Where the line containing "2021-jaguar-i-pace-ev400-black-small-35" appears below, start there and repeat each line exactly to the end. Leave the pictures out.
---
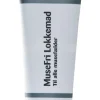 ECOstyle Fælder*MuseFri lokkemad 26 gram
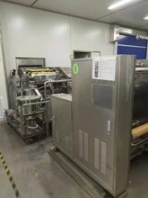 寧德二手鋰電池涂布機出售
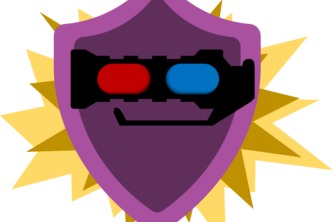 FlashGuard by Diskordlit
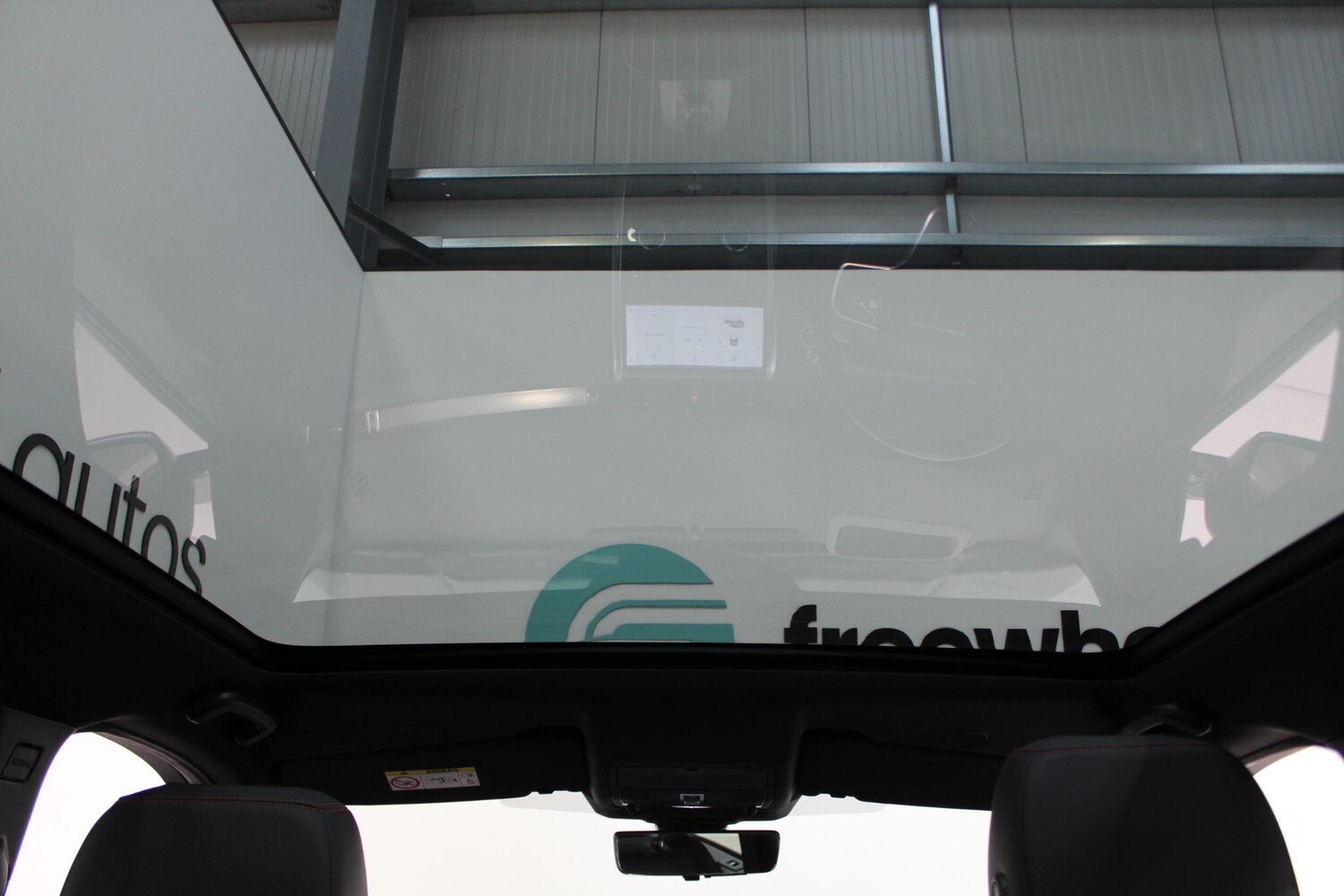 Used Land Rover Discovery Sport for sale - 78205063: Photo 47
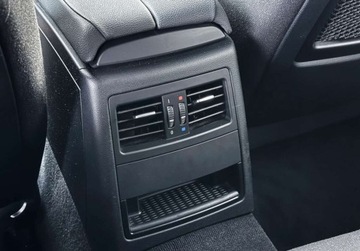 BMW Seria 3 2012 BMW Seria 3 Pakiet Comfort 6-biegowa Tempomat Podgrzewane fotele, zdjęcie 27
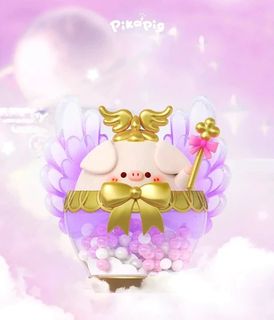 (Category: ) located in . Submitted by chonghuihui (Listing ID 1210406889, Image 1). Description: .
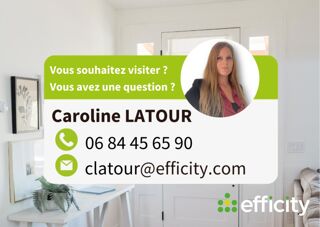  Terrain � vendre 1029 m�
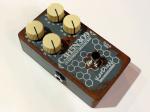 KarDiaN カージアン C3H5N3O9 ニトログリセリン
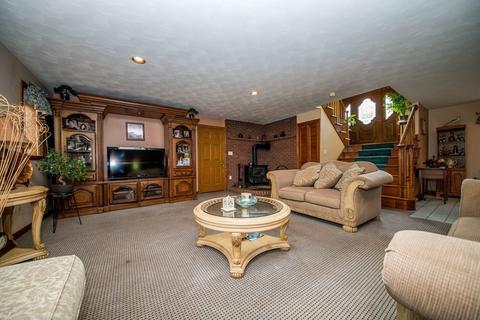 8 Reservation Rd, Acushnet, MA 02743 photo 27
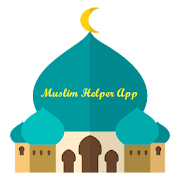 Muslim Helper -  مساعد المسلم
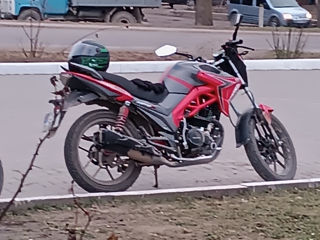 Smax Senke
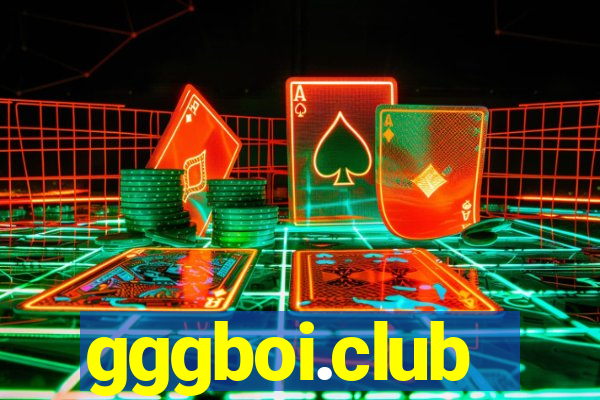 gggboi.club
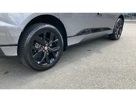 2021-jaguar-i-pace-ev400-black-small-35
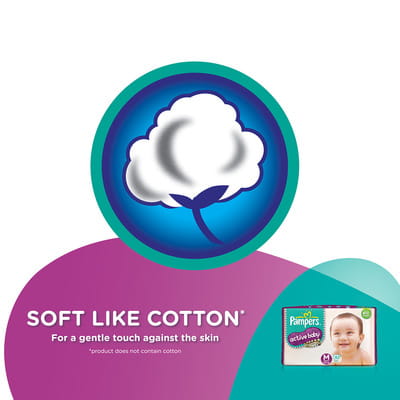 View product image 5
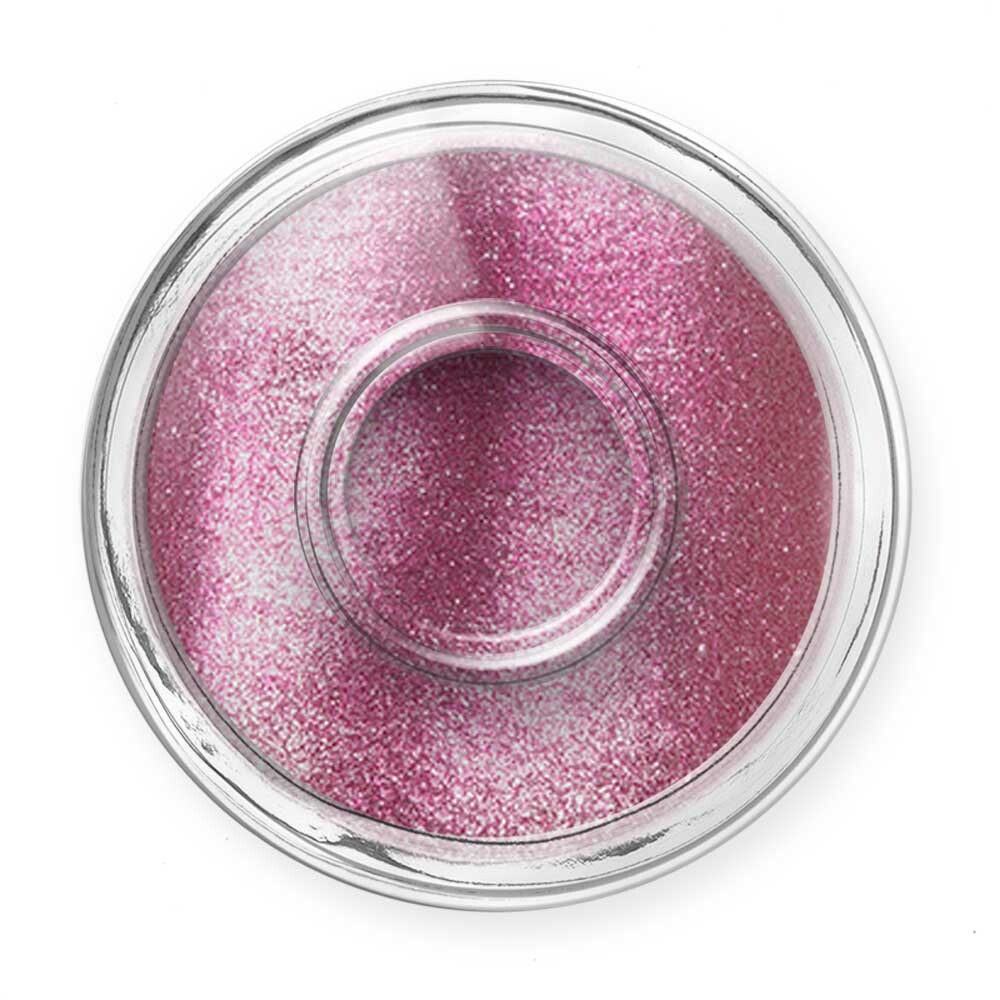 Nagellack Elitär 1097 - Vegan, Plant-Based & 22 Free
---
(Completed task):
 2021-jaguar-i-pace-ev400-black-small-35
 View product image 5
 Nagellack Elitär 1097 - Vegan, Plant-Based & 22 Free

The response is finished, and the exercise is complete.